Condannati a 14 anni e 6 mesi di reclusione a testa i cugini di Vieste Giovanni e Claudio Iannoli di 34 e 44 anni, riconosciuti colpevoli in primo grado del tentato omicidio aggravato dalla premeditazione e dalla mafiosità del presunto capo clan rivale Marco Raduano di 37 anni.
Rimase ferito la sera del 21 marzo 2018 dai . colpi di arma da fuoco esplosi da tre killer appostati sotto casa; agguato collegato alla guerra di mala con il clan rivale (capeggiato da Girolamo Perna assassinato il 26 aprile 2019: ha sempre negato d’essere al vertice della batteria malavitosa), che a Vieste dal gennaio 2015 all’autunno scorso ha contato 10 omicidi, 1 lupara bianca e 6 agguati falliti.
La sentenza del processo «Scacco al re» è stata pronunciata dal gup di Bari Luigia Lambriola al termine del giudizio abbreviato, che ha comportato lo sconto di un terzo della pena. Il processo si è celebrato perché i due imputati sono detenuti: hanno assistito all’udienza in videoconferenza dalle carceri dove sono rinchiusi.
Furono arrestati il 3 giugno 2019 da squadra mobile e carabinieri su ordinanze del gip di Bari chieste dalla Dda, che vennero notificate in cella perché erano entrambi già detenuti per droga. Il pm Ettore Cardinali lo scorso 15 novembre aveva chiesto la condanna dei due cugini a 18 anni a testa.

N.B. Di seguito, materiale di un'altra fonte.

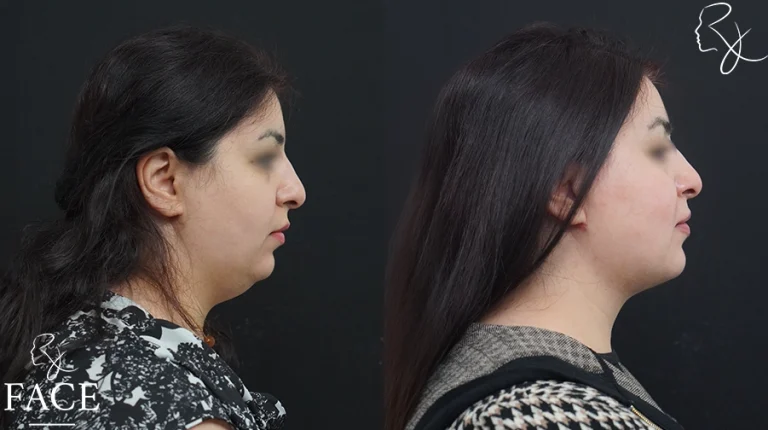 neckliftMar2sideright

Giovanni Iannoli dopo la requisitoria del pm, in una lettera scritta dal carcere e in dichiarazioni spontanee rese in aula ha confessato: ha però detto d’aver agito in compagnia del solo compaesano Gianmarco Pecorelli (morto ammazzato il 19 giugno del 2018 nell’ambito della guerra di mala viestana); e non anche del cugino Claudio Iannoli.
Nell’ammettere il tentativo di omicidio, inoltre, Giovanni Iannoli ha escluso che volesse uccidere Raduano per rivalità legate alla leadership nei traffici di droga come ipotizza l’accusa, dicendo d’averlo fatto per vendicarsi di un presunto pestaggio subito da Raduano e Perna tempo prima. L’avv. Michele Arena chiedeva per Giovanni Iannoli la condanna al minimo della pena e l’esclusione dell’aggravante della mafiosità. L’avv. Salvatore Vescera sollecitava l’assoluzione per Claudio Iannoli.
I due imputati sono ritenuti al vertice dell’ex clan Perna rivale del gruppo Raduano. Quest’ultimo (detenuto a sua volta dall’agosto 2018 per droga) fu affrontato e ferito a braccia e gambe a colpi di mitra e fucile mentre rincasava: riuscì a rifugiarsi a casa di un familiare e si salvò. Secondo l’accusa che poggia essenzialmente su intercettazioni, a sparare con mitra e fucile furono i due cugini Iannoli e Gianmarco Pecorelli, che sarebbe stato poi ucciso da sicari ignoti di lì a tre mesi.
L’agguato fu deciso «per agevolare la compagine criminale facente capo a Girolamo Perna» dice la Dda nel contestare l’aggravante della mafiosità «nell’ambito della violenta guerra di mafia intercorsa con la fazione contrapposta facente capo a Raduano, e mirante ad acquisire il controllo criminale del territorio viestano e l’assunzione del monopolio nella gestione e commercio degli stupefacenti e delle altre attività illecite così da acquisire risorse necessarie per garantire la sussistenza e l’espansione del clan». Perna era indagato a sua volta quale mandante del ferimento Raduano, accuse venute meno dopo la sua morte violenta.
L’agguato fallito a Raduano segnò la fine della tregua tra i clan rivali che durava dal luglio 2017: al tentato omicidio del presunto boss seguirono infatti tra aprile e giugno 2018 tre agguati con altrettanti morti ammazzati (tra cui come detto Pecorelli sospettato del ferimento Raduano) e due scampati su entrambi i fronti in guerra.